Die Kreisliga Coburg spielt an den ersten vier Spieltagen ziemlich verrückt. Aufstiegsanwärter wie der TSV Pfarrweisach (15., 0 Punkte) vermasselten den Saisonstart kräftig, während vor allem die Aufsteiger schon mächtig Staub aufwirbelten. Auch den ersten Rücktritt eines Trainers gibt es bereits. Wie wir berichteten, nahm Hannes Fischer nach der 1:2-Niederlage in Niederfüllbach seinen Hut beim TV Ebern. Der Tabellenletzte hat wie alle anderen Teams am kommenden Doppelspieltag zweimal die Möglichkeit, zu punkten. Der Überraschungsspitzenreiter SV Großgarnstadt wird im Topspiel am Freitag um 18.15 Uhr von Verfolger Ketschendorf auf dem Buchberg geprüft.

Nicht nur bei den heißen Temperaturen entscheidet häufig auch das Temperament auf dem Rasen über Sieg oder Niederlage. Der SV Türkgücü bringt davon eine Menge mit - in vier Kreisliga-Partien gab es für die Neustadter sechs Platzverweise. Das Tageblatt hakte beim ehemaligen Regionalligaspieler und Türkgücü-Spieltrainer Sinan Bulat nach, wie er die Ergebnisse und Schiedsrichterentscheidungen wahrnimmt.

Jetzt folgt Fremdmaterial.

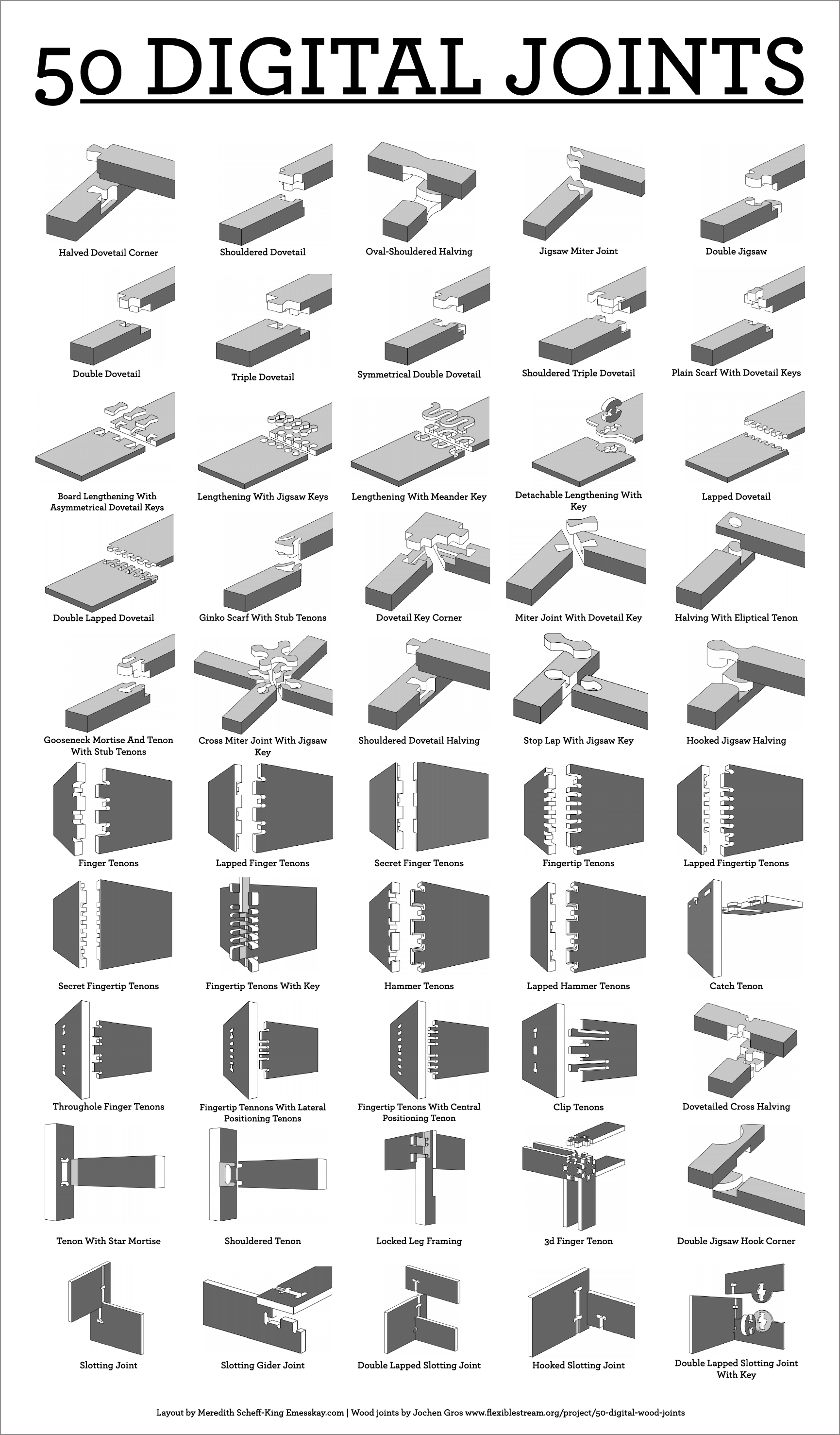 Joints Muebles De Madera, Cnc Madera, Arte En Madera, - 50 Digital Wood Joints Clipart (1730x2954), Png Download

Herr Bulat, mit sieben Punkten aus vier Spielen ist man als Aufsteiger sicher zufrieden oder wie beurteilen Sie diesen Saisonstart?

Sinan Bulat: Ehrlich gesagt bin ich mit der Punktausbeute nicht zufrieden. Wir waren sowohl gegen Großgarnstadt als auch gegen Heldritt frühzeitig in Unterzahl und hatten dennoch die Chance, diese Spiele für uns zu entscheiden. Aber wenn man die Tore nicht macht, kann man nicht gewinnen.

Also sehen Sie die mangelnde Chancenverwertung bisher als größtes Problem?

In der Offensive liegen unsere Qualitäten. Viele Teams sind taktisch und defensiv besser besetzt als wir, aber im Angriff sind wir bärenstark und da müssen wir effektiver werden. Dazu hatten wir in den vier Spielen auch oft lange Zeit einen Mann weniger, was uns Kraft gekostet hat.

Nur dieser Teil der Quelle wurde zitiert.